“Damn you ‘Departures’!”
Yes, that was the refrain heard from coast to coast Sunday night as the little Japanese Foreign Film entry that could upset perennial favorites “The Class” and “Waltz for Bashir” in a night that was pretty much a ride on the “Slumdog MIllionaire” train. And yes, I got it wrong with just about everyone else (save some very lucky and happy peeps at U.S. distributor Regent Releasing).
As for the rest of the winers, your fastidious prognosticator didn’t do too badly in his picks nailing 18 out of 24. What did I blow?
Winner: “The Dark Knight”
Lame Excuse: We all know that the Academy has little respect for their animated film nominees, but who knew they had almost zero when it comes to actually awarding statues?
Predix: “The Dark Knight”
Winner: “Slumdog Millionaire”
Lame Excuse: Listen, I love “Slumdog,” it made my top five films of the year, but Sound Mixing?

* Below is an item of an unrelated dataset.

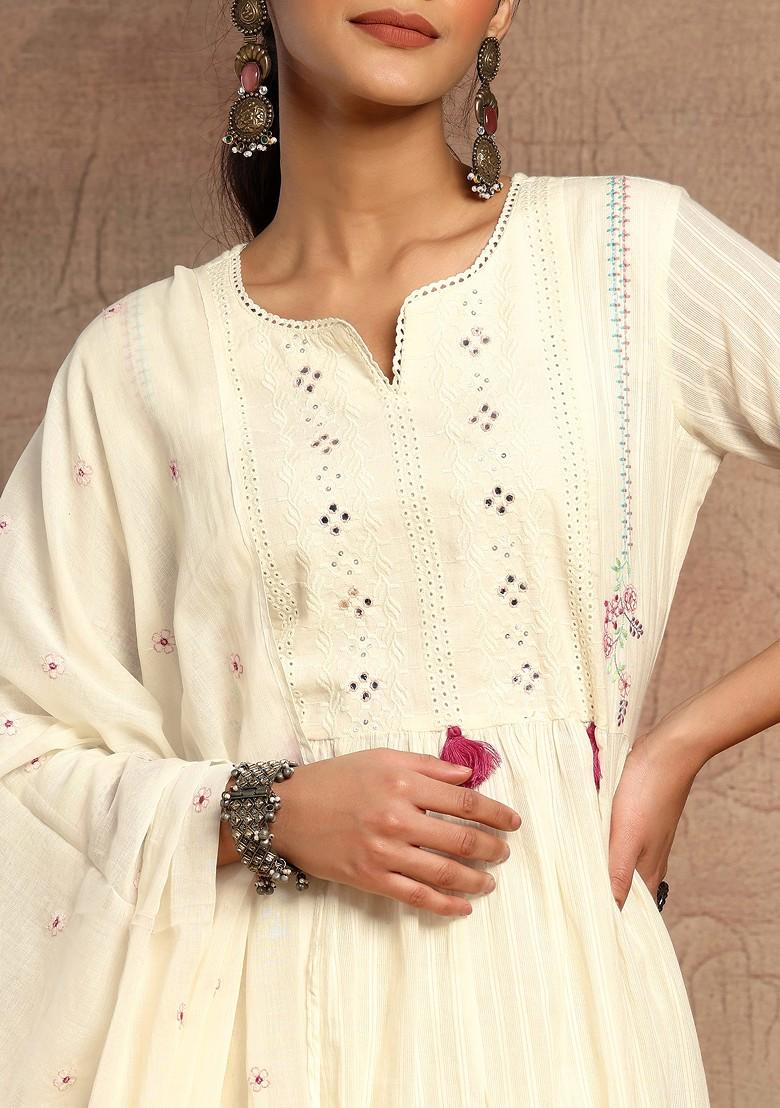 Off White Embroidered Cotton Kurta With Pants And Dupatta (Set of 3)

Seriously? This is the result of members just look over the nominees and telling themselves, “Geez, I just loved that ‘Slumdog Millionaire.’ I want to vote for it again even though I have no idea whether it even qualifies for this category.” Like, “Titanic” a decade before it, “Slumdog” won a number of statues it really didn’t deserve.
DOCUMENTARY SHORT SUBJECT
Predix: “The Witness: From the Balcony of Room 306”
Winner: “Smile Pinki”
Lame Excuse: Always a tough call. Usually, even the most studious Oscar historians mostly get this right on blind luck and why you rarely hear of anyone going 24 for 24.
SHORT FILM (ANIMATED)
Winner: “La Maison en Petits Cubes”
Lame Excuse: (1) Sometimes the committee has really bad taste as “Maison” was tedious at best and (2) “Oktapodi” may have just been too short.
BEST SUPPORTING ACTRESS
Predix: Viola Davis, “Doubt”
Winner: Penelope Cruz, “Vicky Cristina Barcelona”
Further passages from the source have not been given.